Stress Appraisal and Cognitive Emotion Regulation Strategies of Employees


  • Z. Baltas
  • H. Odaman


Stress has been an important indicator of psychological and physical health. Therefore, it is expected for all members of the organizations to develop necessary coping skills to manage stress. Earlier research asserts that human beings experience stress and cope with negative emotions at different levels. Most strategies can be classified as more or less adaptive. In this research, we investigated the relationship regarding stress appraisal, cognitive emotion regulation and demographic characteristics of Turkish employees. We used a non-experimental, within subjects design and analyzed data came from 642 participants (Mage=33.9, gender reported by 159 women and 429 men). We assessed stress appraisal by Perceived Stress Scale (Cohen, Kamarck, & Mermelstein, 1983). Cognitive Emotion Regulation Questionnaire (Garnefski, Kraaij, & Spinhoven, 2001) measured participants’ strategy preference and the amount of strategy used. Gender, industry, marital status and the year of experience in the current workplace emerged as important demographic factors.
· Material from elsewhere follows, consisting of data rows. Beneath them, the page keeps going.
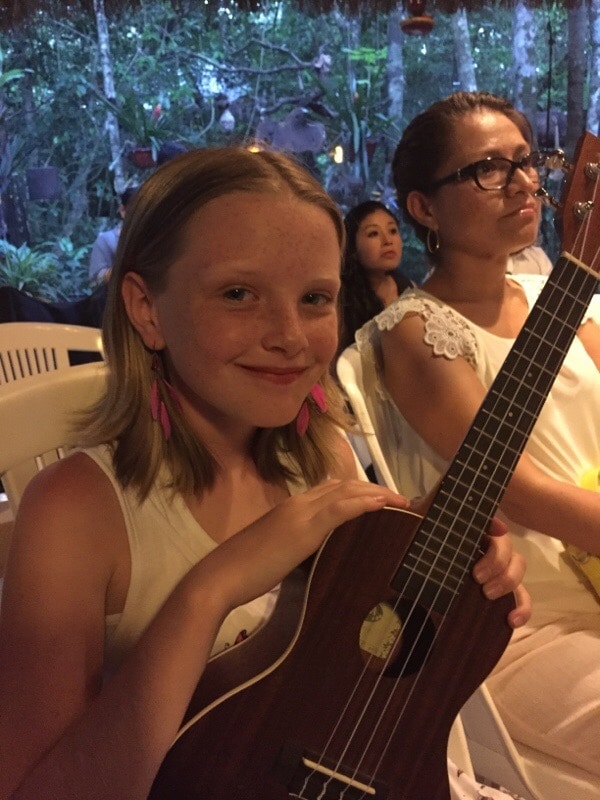 Me, holding my teachers ukulele.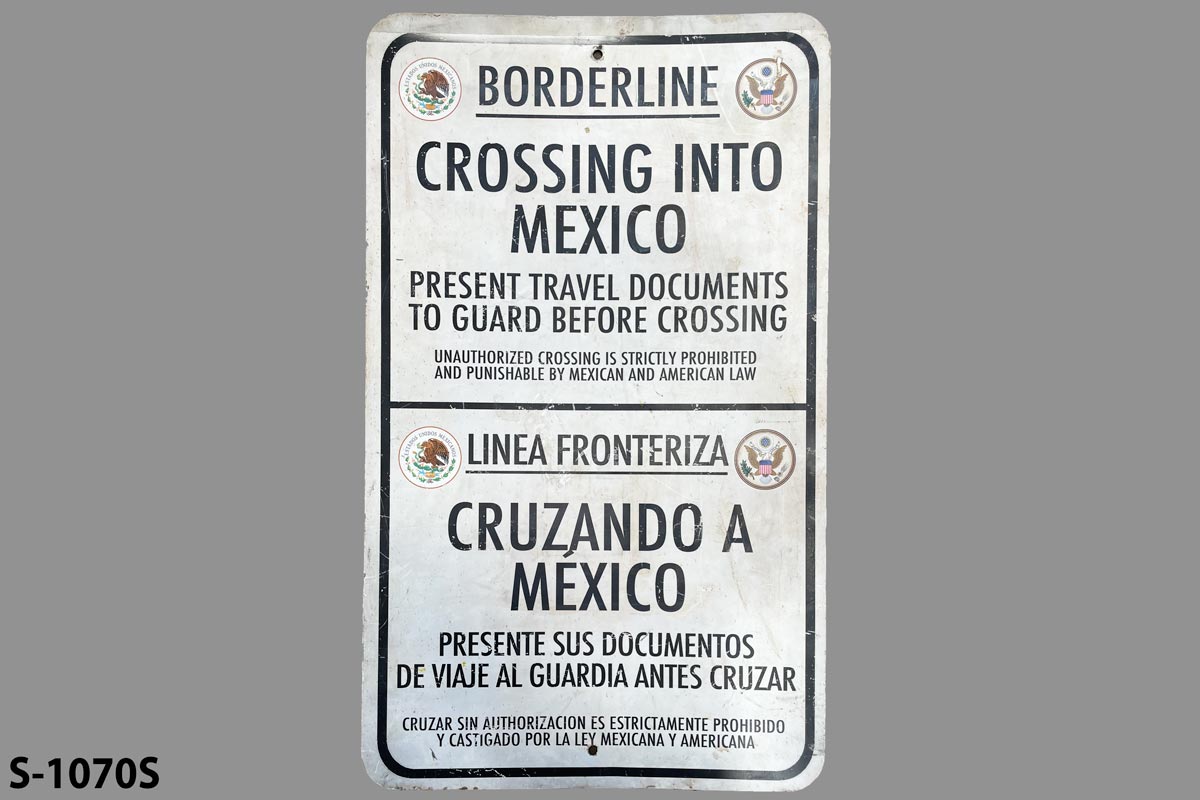 Sign-English/Spanish-Borderline Crossing Into Mexico...Linea Fronteriza, stock number S-1070s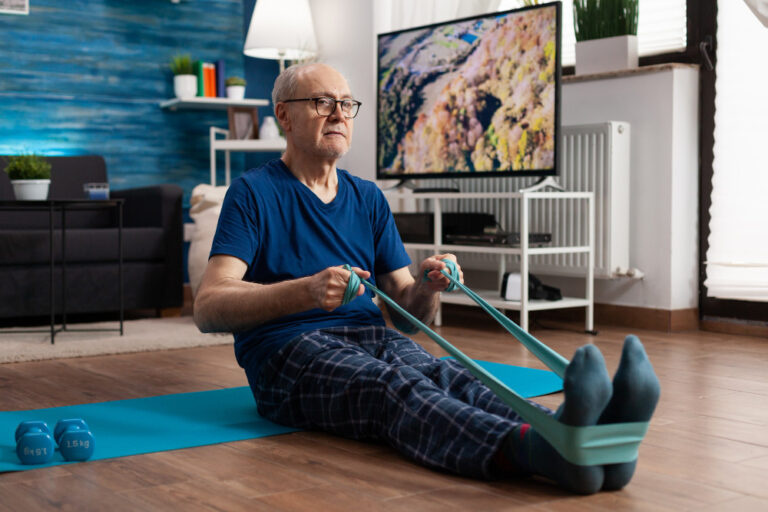 A senior man sits on the living room floor with feet straight and pulls on a resistance band that goes around his feet.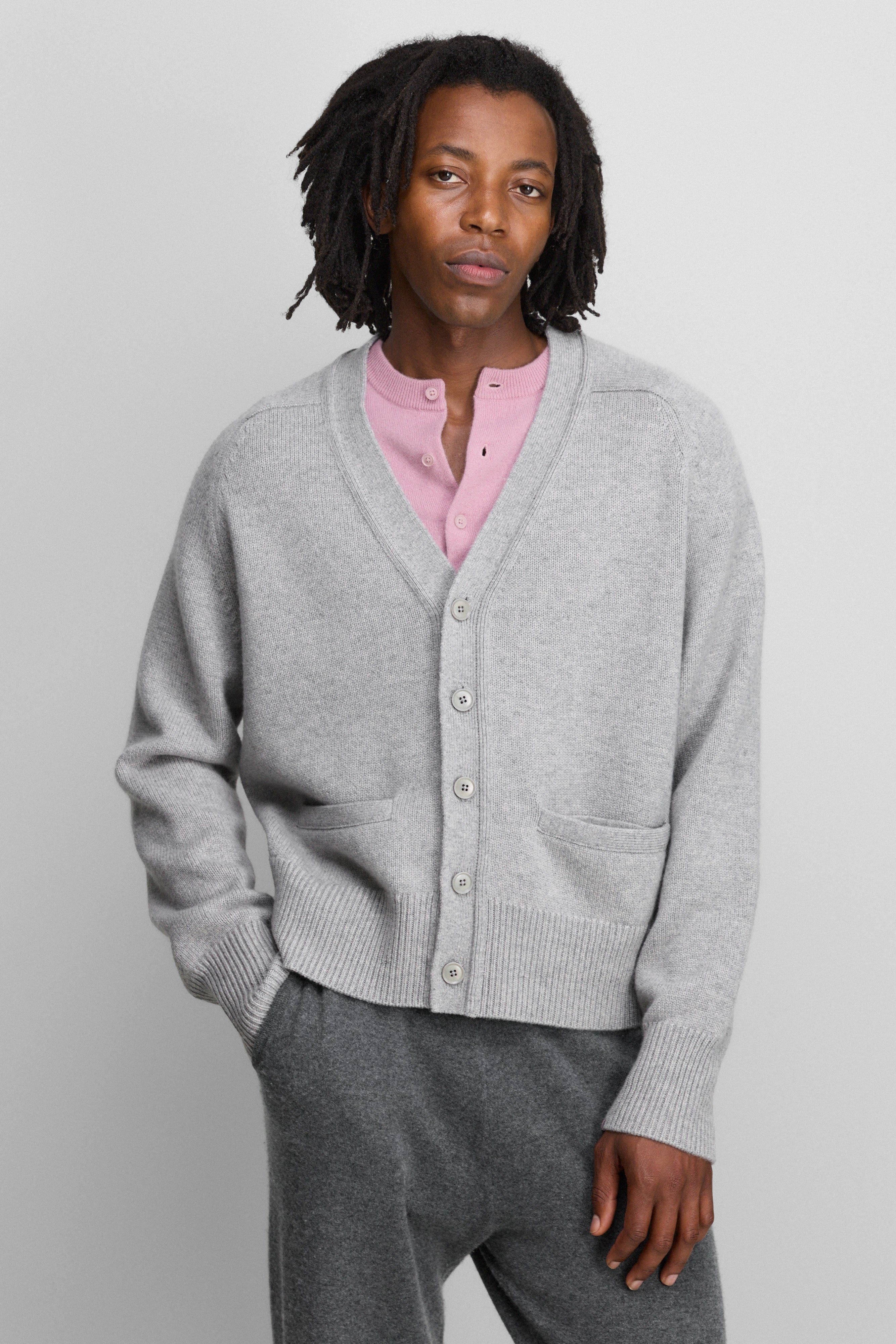 man wearing a grey cashmere v-neck cardigan with five corozo buttons, two front pockets, and ribbed hem and cuffs.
We observed significant correlations between perceived stress and emotion regulation strategies, except ‘rumination’ and ‘putting into perspective’. Coherent with earlier research, ‘refocus on planning’ was the most used strategy, while ‘catastrophizing’ and ‘other-blame’ were the least preferred. Additionally, our study supported more recent findings that the strategy of ‘acceptance’ was suggested to be less adaptive.